I met Paul Merrett at The Victoria this morning; a critically acclaimed gastro pub in South West London, close to Richmond Park. Chef Paul and restaurateur Greg Bellamy opened the pub in 2008 and since then it has gained a reputation for serving excellent food. The Times described it as ‘an absolute treat for foodie familes’ and also named it one of the best 50 places to eat al fresco in 2010. With its seven bedrooms, it’s recommended as a Special Place to Stay by Sawday’s and in 2011 was voted Best Gastro Pub in London at The Great Pub Awards.
Paul earned his own fine reputation as a great chef long before The Victoria opened. He’s seen frequently on TV shows like Saturday Kitchen and Market Kitchen, and is the author of two cookery books, Economy Gastronomy and Using the Plot: Tales of an Allotment Chef ; he is currently writing a third book on Asian/spicy food, one of his passions. Paul’s road to TV and gastro pub fame has come via an impressive route and includes him achieving two separate Michelin stars at former restaurants.
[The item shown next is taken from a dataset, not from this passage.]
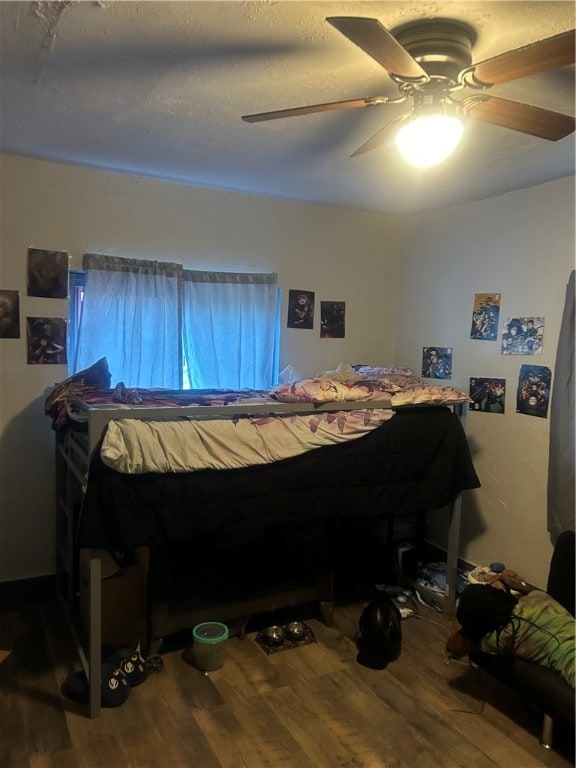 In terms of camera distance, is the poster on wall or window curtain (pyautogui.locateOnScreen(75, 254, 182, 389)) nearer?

Paul admitted that he didn’t achieve much academic success at school and it was his mother who suggested he went to catering college to learn to cook; it was a life skill and would also enable him to travel if he wanted. He didn’t cook as a child but he came from a foodie family where he learned to enjoy and appreciate good food. After three years at college, he wrote to The Ritz and was offered a three-year apprenticeship there. It was much easier in those days, Paul said, to get those kind of breaks. But even now, he continued, one of the joys of cooking is that it’s still a profession where you don’t need qualifications in order to succeed; if you’re good and apply yourself, you can achieve great things.
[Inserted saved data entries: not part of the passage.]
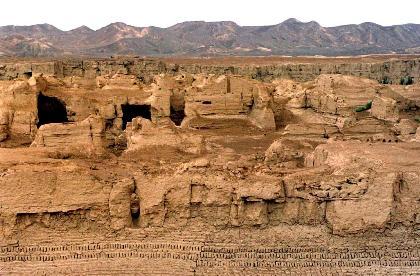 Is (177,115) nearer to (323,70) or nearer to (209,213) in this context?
(209,213)

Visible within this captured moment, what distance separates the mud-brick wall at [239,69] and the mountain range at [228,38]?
50743 mm

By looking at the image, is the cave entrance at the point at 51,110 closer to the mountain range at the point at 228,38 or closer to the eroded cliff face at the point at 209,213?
the eroded cliff face at the point at 209,213

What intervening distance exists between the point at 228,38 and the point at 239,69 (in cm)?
7464

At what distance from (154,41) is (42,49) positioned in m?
29.5

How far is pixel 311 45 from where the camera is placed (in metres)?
123

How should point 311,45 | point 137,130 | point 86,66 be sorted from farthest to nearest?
point 311,45, point 86,66, point 137,130

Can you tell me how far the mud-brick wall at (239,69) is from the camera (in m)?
46.0

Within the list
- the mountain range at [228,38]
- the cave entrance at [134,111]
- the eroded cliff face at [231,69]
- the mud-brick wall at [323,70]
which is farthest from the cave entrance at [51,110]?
the mountain range at [228,38]

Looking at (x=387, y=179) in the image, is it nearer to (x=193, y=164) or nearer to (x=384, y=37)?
(x=193, y=164)

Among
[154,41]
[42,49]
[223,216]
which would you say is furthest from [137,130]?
[154,41]

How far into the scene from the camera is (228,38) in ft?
402

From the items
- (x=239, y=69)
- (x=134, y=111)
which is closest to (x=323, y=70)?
(x=239, y=69)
From The Ritz, Paul moved to Le Souffle restaurant at the Inter-Continental Hotel, at the time one of the best restaurants in London, and while The Ritz had provided him with the building bricks to becoming a chef, it’s at Le Souffle under Peter Kromberg that Paul really learned to cook. From there he moved to one of Gary Rhodes restaurants, and then he became head chef at the young age of 27 at a Meridian Hotel, where he worked with a fantastic general manager who had great faith in him and where he learned to manage people and budgets. Later, at Interlude in Charlotte Street, London, he gained his first Michelin star; following this he gained another Michelin star at The Greenhouse. This was ‘high octane cooking’ he told me. He left The Greenhouse to open The Victoria.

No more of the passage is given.